Britons could face up to five million plane tickets being cancelled if there is a no-deal Brexit - as airlines were today accused of failing to warn passengers.
A consumer watchdog suggested the industry is 'unwilling to give any information' about the consequences of crashing out of the EU, and should be 'more up front'.
The intervention comes after the International Air Transport Association (IATA) said up to five million bookings were 'at risk' this year if there is no deal.
The EU has said the number of flights to destinations on the continent will be kept at last year's levels, but the number of tickets issued has been expanded dramatically since then. There are also concerns that UK travellers will need to have at least six months left on their passports.
The threat of no deal has been rising as Theresa May struggles to find a way through deadlock in Parliament. Her blueprint was resoundingly rejected by MPs in an historic vote last week.
Theresa May (pictured with the New Zealand prime minister Jacinda Arden in Downing Street today) is scrambling to find a way through the Brexit deadlock
Rory Boland, editor of Which? Travel told the Times: 'The lack of warning for passengers is alarming.'
He said: 'It is the job of airlines to tell passengers what is likely to happen. If they were more upfront it would give passengers the information they need to protect themselves.'
Mr Boland examined the 'booking journey' on UK airlines' websites, and found they do not warn travellers of the potential fallout from a no-deal Brexit.
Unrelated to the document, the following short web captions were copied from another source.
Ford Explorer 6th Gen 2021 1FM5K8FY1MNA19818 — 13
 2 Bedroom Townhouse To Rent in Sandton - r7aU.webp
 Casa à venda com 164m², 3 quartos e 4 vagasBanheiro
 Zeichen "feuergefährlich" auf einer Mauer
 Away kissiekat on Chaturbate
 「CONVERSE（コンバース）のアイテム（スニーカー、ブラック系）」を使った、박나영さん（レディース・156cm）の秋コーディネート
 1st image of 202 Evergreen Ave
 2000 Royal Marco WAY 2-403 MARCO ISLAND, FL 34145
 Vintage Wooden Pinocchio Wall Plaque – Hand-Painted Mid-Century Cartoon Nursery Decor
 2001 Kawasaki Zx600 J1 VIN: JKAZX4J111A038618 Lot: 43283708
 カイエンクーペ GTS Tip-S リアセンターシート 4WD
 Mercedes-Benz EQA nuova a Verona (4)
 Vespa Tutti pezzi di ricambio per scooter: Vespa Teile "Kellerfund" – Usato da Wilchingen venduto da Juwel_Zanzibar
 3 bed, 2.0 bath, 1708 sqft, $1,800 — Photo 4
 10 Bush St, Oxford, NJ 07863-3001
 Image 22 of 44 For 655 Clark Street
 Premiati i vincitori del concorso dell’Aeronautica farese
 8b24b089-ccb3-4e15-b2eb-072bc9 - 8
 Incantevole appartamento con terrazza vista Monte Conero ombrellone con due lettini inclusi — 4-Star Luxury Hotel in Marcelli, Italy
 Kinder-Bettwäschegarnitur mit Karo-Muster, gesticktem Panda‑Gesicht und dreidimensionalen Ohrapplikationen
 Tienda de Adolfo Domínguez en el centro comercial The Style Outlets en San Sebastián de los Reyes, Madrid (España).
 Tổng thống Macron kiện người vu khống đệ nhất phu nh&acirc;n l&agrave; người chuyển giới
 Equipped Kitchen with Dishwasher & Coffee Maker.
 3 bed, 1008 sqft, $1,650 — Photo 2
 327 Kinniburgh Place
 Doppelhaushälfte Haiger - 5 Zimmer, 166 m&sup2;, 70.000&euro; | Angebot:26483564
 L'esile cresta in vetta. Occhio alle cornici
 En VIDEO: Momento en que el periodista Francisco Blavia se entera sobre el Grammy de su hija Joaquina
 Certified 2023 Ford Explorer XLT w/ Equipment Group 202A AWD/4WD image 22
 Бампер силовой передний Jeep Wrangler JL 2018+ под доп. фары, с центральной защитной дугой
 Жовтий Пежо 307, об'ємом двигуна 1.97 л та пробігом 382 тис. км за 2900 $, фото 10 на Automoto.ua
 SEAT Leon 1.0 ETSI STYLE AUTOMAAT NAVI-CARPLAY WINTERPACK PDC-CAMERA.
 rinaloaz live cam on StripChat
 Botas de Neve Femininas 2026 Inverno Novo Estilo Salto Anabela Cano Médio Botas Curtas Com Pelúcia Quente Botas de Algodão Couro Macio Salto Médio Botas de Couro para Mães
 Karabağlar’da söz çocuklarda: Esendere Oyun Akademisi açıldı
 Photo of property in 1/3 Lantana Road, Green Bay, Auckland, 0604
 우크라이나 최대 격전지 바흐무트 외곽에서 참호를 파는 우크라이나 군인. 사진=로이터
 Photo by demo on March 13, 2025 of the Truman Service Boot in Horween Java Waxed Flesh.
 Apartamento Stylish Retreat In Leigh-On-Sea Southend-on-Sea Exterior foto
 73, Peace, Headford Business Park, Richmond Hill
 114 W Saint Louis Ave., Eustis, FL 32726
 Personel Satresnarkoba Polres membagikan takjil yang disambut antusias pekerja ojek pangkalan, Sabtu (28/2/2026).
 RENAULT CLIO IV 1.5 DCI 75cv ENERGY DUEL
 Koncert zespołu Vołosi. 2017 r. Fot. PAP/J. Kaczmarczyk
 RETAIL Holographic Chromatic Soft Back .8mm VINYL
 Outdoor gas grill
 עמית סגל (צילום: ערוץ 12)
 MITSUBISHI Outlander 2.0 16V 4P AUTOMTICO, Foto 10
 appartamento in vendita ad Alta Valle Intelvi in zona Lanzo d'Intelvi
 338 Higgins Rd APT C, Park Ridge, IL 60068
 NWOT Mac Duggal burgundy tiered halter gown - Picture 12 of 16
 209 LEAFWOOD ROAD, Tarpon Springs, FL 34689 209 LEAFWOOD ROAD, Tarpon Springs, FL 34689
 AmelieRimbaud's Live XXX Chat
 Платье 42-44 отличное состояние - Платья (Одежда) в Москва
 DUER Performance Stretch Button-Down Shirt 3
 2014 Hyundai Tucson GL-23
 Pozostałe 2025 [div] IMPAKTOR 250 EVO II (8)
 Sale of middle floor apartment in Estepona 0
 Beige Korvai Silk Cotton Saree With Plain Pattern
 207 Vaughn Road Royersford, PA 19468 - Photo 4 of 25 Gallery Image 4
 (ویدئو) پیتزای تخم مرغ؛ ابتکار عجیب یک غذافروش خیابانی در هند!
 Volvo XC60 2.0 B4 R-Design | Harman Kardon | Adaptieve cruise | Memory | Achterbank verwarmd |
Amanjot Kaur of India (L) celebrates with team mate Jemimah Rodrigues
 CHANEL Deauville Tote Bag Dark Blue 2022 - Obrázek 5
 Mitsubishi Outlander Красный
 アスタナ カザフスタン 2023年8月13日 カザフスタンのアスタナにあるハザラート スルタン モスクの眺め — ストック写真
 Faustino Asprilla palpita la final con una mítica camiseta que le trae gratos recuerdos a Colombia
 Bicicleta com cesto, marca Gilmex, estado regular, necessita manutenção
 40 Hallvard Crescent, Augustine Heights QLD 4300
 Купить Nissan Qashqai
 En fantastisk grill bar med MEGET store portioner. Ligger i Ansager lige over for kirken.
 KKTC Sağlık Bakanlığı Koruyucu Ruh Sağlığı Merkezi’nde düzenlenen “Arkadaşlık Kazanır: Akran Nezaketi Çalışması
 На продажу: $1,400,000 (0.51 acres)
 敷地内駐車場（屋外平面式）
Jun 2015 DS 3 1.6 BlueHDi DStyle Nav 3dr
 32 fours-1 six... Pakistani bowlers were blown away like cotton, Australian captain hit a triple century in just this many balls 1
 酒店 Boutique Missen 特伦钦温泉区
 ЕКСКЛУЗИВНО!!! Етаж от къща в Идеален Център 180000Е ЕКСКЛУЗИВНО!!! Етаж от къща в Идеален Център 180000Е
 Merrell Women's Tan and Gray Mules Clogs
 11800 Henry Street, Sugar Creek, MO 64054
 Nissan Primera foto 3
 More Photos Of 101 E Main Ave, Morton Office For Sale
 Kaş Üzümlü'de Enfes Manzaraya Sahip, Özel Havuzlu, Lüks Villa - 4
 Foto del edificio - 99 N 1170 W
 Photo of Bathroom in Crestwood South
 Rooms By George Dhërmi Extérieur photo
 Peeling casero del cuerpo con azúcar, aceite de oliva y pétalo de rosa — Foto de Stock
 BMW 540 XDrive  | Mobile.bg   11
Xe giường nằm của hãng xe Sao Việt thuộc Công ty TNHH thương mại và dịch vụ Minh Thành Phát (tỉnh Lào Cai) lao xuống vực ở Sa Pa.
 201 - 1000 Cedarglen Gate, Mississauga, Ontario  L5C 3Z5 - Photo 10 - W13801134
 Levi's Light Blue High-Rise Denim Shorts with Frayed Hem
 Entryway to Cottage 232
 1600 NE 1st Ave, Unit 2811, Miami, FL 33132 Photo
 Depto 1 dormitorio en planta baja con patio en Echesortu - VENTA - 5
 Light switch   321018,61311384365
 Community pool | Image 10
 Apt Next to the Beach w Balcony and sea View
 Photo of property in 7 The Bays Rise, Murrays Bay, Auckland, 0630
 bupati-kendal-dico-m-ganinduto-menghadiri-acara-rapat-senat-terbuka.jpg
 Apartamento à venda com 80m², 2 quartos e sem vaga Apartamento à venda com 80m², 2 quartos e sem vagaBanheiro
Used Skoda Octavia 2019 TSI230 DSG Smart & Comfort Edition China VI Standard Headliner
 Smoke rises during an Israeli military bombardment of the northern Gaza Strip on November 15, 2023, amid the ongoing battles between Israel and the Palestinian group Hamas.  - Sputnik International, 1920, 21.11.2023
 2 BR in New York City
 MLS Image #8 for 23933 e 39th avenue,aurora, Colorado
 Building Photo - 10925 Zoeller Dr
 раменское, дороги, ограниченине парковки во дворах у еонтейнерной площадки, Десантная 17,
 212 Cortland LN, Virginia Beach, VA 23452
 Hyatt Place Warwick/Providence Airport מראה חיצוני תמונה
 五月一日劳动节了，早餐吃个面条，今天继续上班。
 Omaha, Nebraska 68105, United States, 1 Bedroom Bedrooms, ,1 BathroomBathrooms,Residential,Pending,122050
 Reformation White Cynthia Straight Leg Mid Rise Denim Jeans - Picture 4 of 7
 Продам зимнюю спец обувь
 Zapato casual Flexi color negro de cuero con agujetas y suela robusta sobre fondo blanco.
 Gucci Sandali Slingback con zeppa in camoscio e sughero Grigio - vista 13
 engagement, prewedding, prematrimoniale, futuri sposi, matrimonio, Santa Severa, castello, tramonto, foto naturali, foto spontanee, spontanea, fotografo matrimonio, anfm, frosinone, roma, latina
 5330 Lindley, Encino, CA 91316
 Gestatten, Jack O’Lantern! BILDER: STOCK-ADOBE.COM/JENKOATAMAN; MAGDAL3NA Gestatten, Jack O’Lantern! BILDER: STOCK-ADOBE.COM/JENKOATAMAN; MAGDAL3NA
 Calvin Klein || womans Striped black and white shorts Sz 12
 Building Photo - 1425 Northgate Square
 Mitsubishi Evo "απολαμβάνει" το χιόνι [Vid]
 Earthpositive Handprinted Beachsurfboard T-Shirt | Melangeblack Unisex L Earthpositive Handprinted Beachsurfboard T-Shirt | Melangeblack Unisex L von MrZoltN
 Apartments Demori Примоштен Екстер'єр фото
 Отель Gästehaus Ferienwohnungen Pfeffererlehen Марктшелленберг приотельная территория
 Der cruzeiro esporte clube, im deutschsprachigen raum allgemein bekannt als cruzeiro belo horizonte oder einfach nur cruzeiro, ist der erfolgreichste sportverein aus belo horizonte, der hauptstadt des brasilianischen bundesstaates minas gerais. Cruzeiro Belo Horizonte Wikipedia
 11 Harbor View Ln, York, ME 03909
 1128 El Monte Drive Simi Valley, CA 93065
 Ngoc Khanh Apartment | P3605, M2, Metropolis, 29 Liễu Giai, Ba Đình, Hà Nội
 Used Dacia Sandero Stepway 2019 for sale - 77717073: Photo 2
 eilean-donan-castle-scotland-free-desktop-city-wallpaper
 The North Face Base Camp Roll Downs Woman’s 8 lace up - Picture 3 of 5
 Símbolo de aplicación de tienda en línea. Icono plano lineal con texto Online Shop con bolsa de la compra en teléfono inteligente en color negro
Only Wizz Air, the Hungarian airline, has apparently warned British travellers of the position.
'Airlines don't seem to be willing to give any information ... that's what worries you the most and makes you really fear what is going to happen [in the event of no deal],' he said.
Passengers on flights that are axed should automatically be given refunds.
According to IATA research, five million extra seats are scheduled for 2019 compared to 2018 in order to meet consumer demand.
Chief executive Alexandre de Juniac said last week: 'That current flight levels will be protected even with a hard Brexit is an important assurance.'
'But with two months left until Britain leaves the EU, airlines still do not know exactly what kind of Brexit they should be planning for.
'And there is legal and commercial uncertainty over how the Commission's plan to cap flight numbers will work.
'In the small window remaining before Brexit it is imperative that the EU and UK prioritize finding a solution that brings certainty to airlines planning growth to meet demand and to travelers planning business trips and family holidays.'
Mrs May will unveil her Brexit 'Plan B' today - trying to win over Tory Eurosceptics and the DUP by securing more concessions from the EU.
The PM has been scrambling to find a way through after her deal was humiliatingly crushed in the Commons last week.
But in a conference call with Cabinet last night Mrs May effectively ruled out trying to find a cross-party consensus - instead making clear she will focus her efforts on bringing Brexiteer rebels and the DUP back onside.